YORK Hospital is set to become one of the country's safest for patients after it won major national funding.

The hospital has joined forces with Calderdale and Huddersfield NHS Trust and their partnership has won £165,000 from the Safer Patients Initiative, run by independent charity The Health Foundation.

The cash will be spent on investigating how the hospital's wards, its critical care areas, and its surgical operations - before, during and after - can be made safer and fewer medical mistakes made.

In each of these areas, the project will look at ways to improve infection control, manage drugs better, and boost communication between staff and patients.

Staff will come up with a series of ideas to make the hospital safer and carry out tests so they can be quickly put into practice.

Director of nursing Mike Proctor said: "It's really about trying things, it's about developing ideas that could improve patient safety and putting them rapidly into action. Change sometimes takes an awful long time to bring about.

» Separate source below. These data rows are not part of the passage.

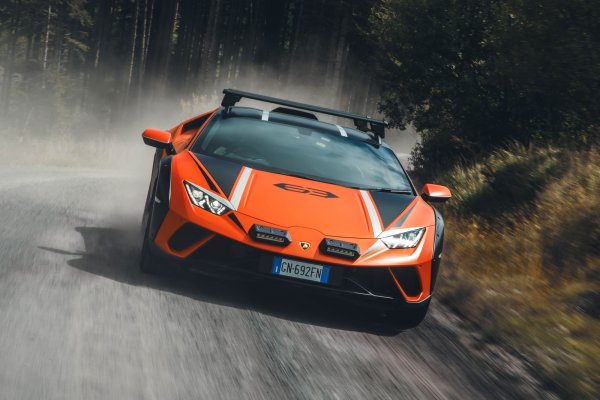 Плюсове - отлично сцепление и контрол, артистично присъствие, сензационен атмосферен V10 двигател

Минуси - външният вид е прекалено апокалиптичен за някои, почти няма място за багаж

Lamborghini Hurac&aacute;n Sterrato е може би най-забавният вариант на основния суперавтомобил на компанията. Това е и последният Hurac&aacute;n, който ще видим. Sterrato е подходящ финал!

Базиран на обикновеното купе Hurac&aacute;n със задвижване на четирите колела, Sterrato е с 44 мм по-висок и получава 25% по-меки пружини, плюс допълнителен 35% ход на окачването отпред и 25% повече отзад. Предната му следа е с 30 мм по-широка, задната следа е с 34 мм по-широка, а междуосието му е с 9 мм по-дълго. 

Неговата здрава външна опаковка означава, че не е съвсем фин. Това усещане се засилва от неговия 5,2-литров V10 двигател с атмосферно пълнене &ndash; също последният по рода си, който Lamborghini ще направи. 

Благодарение на своите офроуд гуми, Sterrato има спокойно, лесно  возене, което е в състояние да се справи с повечето повърхности с изключителна лекота. Всеки би могъл да изкара този суперавтомобил извън пътя. Също толкова добър е и на асфалта, с безупречно возене и комуникативно управление.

This is about the rapid testing of things.

"This will buy us time to give some more thought to these issues.

"Safety is a high priority for us anyway, but it's clear that there are things that happen in lots of different places that we could learn from and implement - as they could learn from us."

York and Calderdale are one of ten hospital partnerships that have been singled out to win the award in Britain.

They will get extra support from patient safety experts at the US-based Institute For Healthcare Improvement.

Research has suggested that about one in ten patients experiences unnecessary suffering because of mistakes which happen in hospital - costing the NHS huge amounts of cash every year.

Health Foundation chief executive Stephen Thornton said: "We're delighted that as of today York hospital will be part of the Safer Patients Initiative.

"We are impressed by the hospital's outstanding commitment to make the care it provides to patients the safest it can be.

"York Hospital will be part of a nationwide drive to make UK hospitals the safest in the world.

"Our SPI hospitals are pioneers of today and safety champions of tomorrow."

Hospital chief executive Jim Easton said: "Although current figures suggest that York Hospital has a good NHS record in terms of safety, we believe that the excellent hospitals of the future will have made significant further strides in this area, and we want to be part of the leading group."